Toronto, Canada (25 April 2018) — A new report by the Citizen Lab at the Munk School of Global Affairs, University of Toronto, investigates the global proliferation of Internet filtering systems manufactured by Netsweeper, a Canadian company based in Waterloo, Ontario. In addition to mapping worldwide country installations of this filtering technology, researchers focused on 10 countries presenting systemic human rights concerns and found widespread filtering of political, religious, and LGBTQ content.

Internet filtering technologies play a critical role in shaping access to information online, where software that inspects, manages, or blocks communications has become commonplace.
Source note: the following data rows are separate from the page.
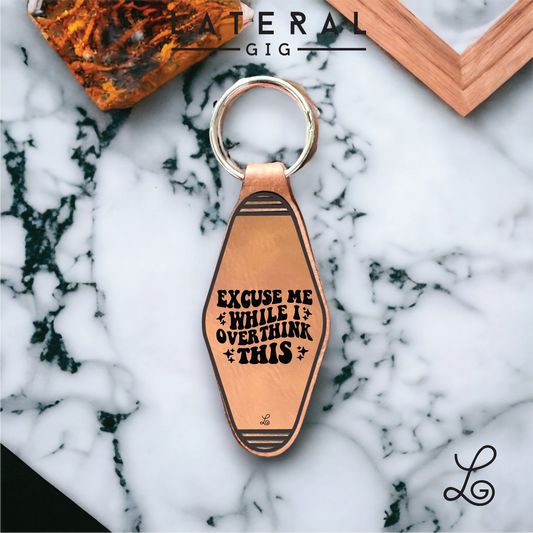 Excuse Me While I Overthink this Leather Keychain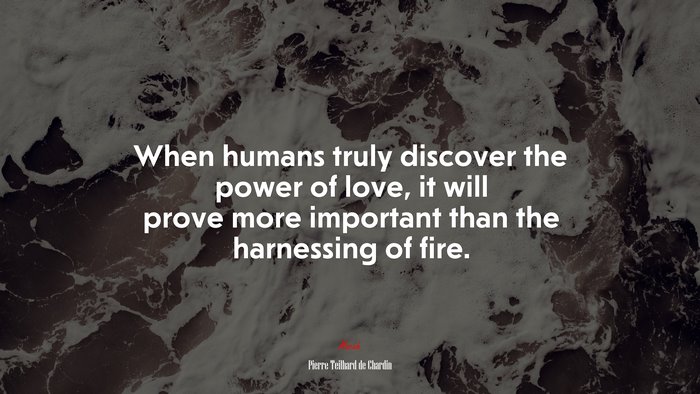 When humans truly discover the power of love, it will prove more important than the harnessing of fire. | Pierre Teilhard de Chardin quote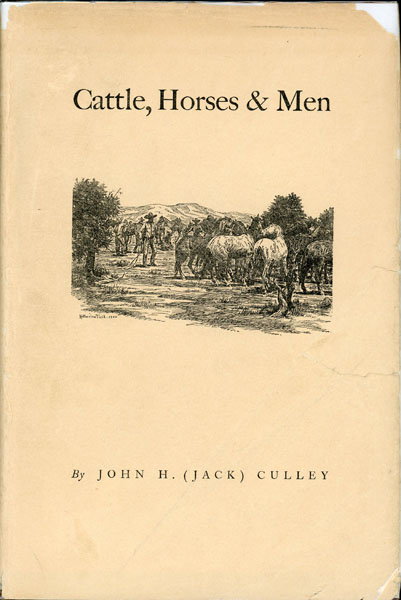 Cattle, Horses & Men Of The Western Range. JOHN H. (JACK). CULLEY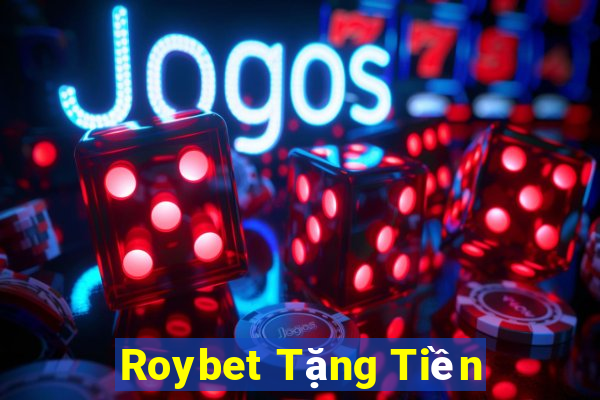 Roybet Tặng Tiền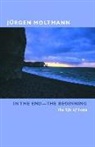 Margaret Kohl, Jurgen Moltmann, Jürgen Moltmann, Jurgen/ Kohl Moltmann - In the End--The Beginning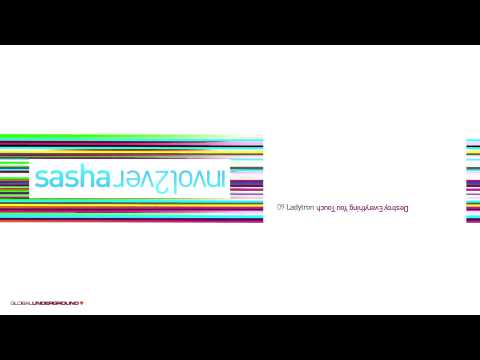 Ladytron - Destroy Everything You Touch [ Sasha - Invol2ver Remix ]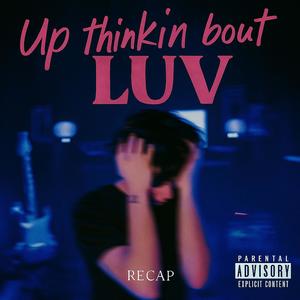 Up Thinkin Bout Luv (Explicit)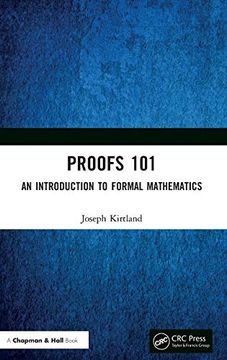 portada Proofs 101: An Introduction to Formal Mathematics (en Inglés)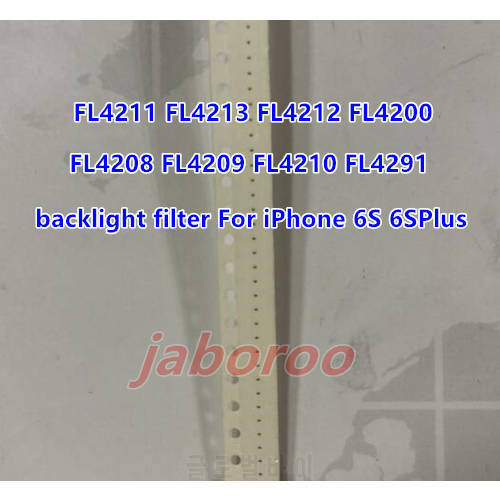 10pcs/lot FL4211 FL4213 FL4212 FL4200 FL4208 FL4209 FL4210 FL4291 240OHM-350MA backlight back light filter For iPhone 6S 6SPlus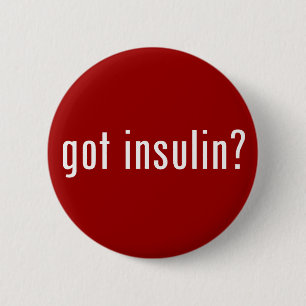 got insulin? 6 cm round badge
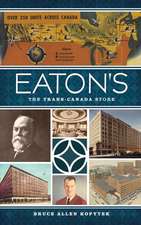 Eaton's: The Trans-Canada Store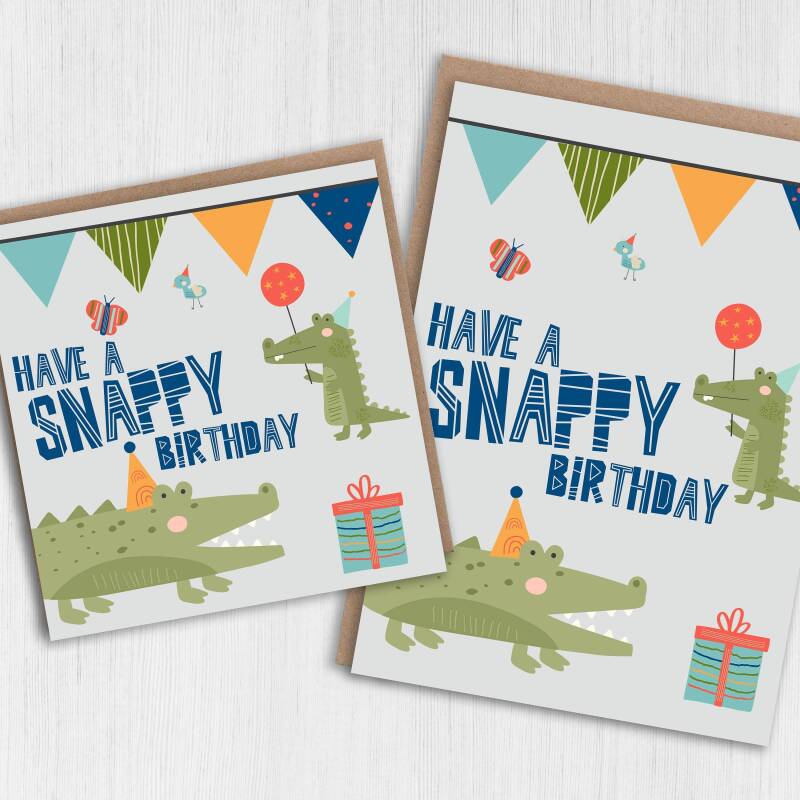 Crocodile, alligator children, child, kid, boy, girl birthday card: Have a snappy birthday (Size A6/A5/A4/Square 6x6") - A6: Single card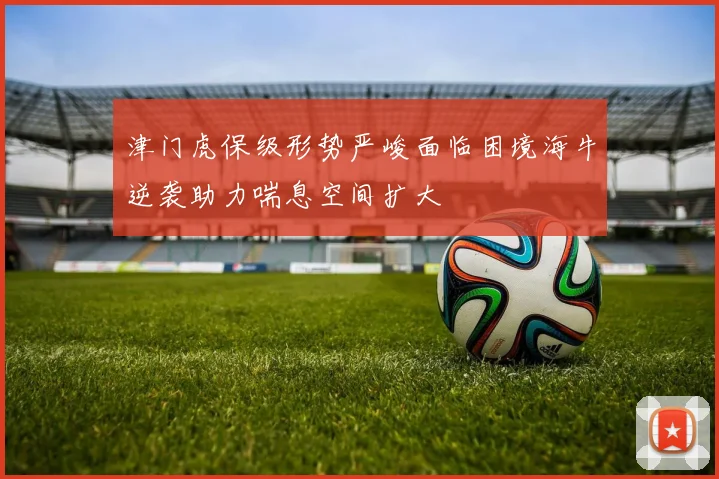 津门虎保级形势严峻面临困境海牛逆袭助力喘息空间扩大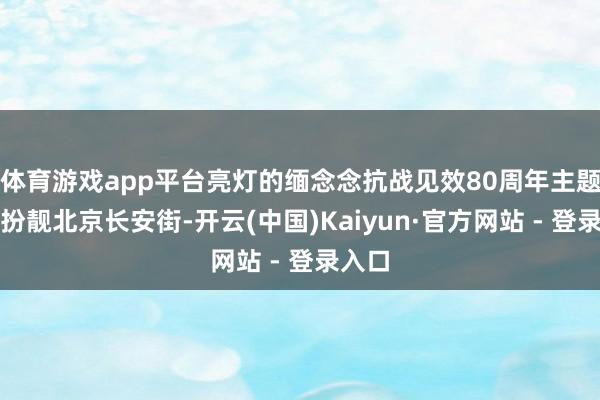 体育游戏app平台亮灯的缅念念抗战见效80周年主题花圃扮靓北京长安街-开云(中国)Kaiyun·官方网站 - 登录入口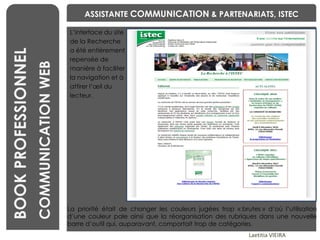 L’interface du site  de la Recherche  a été entièrement  repensée de  manière à faciliter  la navigation et à  attirer l’œil du  lecteur.  BENCHMARKING Laetitia VIEIRA BOOK PROFESSIONNEL COMMUNICATION WEB ASSISTANTE  COMMUNICATION  & PARTENARIATS, ISTEC La priorité était de changer les couleurs jugées trop « brutes » d‘où l’utilisation d’une couleur pale ainsi que la réorganisation des rubriques dans une nouvelle barre d’outil qui, auparavant, comportait trop de catégories. 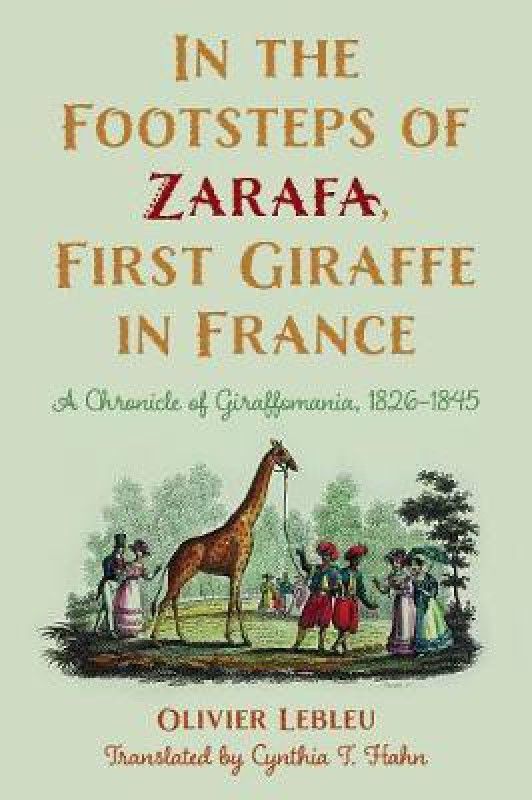 In the Footsteps of Zarafa, First Giraffe in France  (English, Paperback, Lebleu Olivier)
When operated by repressive governments, this software can limit the ability of citizens to communicate freely and fully participate in digital spaces. Given this risk, Internet filtering companies have a responsibility to prevent or mitigate the adverse human rights impacts linked to their products and services.

Citizen Lab researchers scanned every one of the billions of IP addresses on the Internet to identify addresses that matched a signature researchers pinpointed as indicative of Netsweeper installations. Of the 30 countries where researchers identified Netsweeper installations, they focused on 10 that present systemic human rights concerns, the majority of which are considered authoritarian: Afghanistan, Bahrain, India, Kuwait, Pakistan, Qatar, Somalia, Sudan, UAE, and Yemen.

The report reveals that these countries use Netsweeper technology to censor access to a wide range of digital content protected by international legal frameworks. Examples of filtered content include media websites in Yemen, religious content in Bahrain, and political campaigns in the United Arab Emirates. Researchers also identified patterns of over-blocking and blocking as the result of mistaken categorization.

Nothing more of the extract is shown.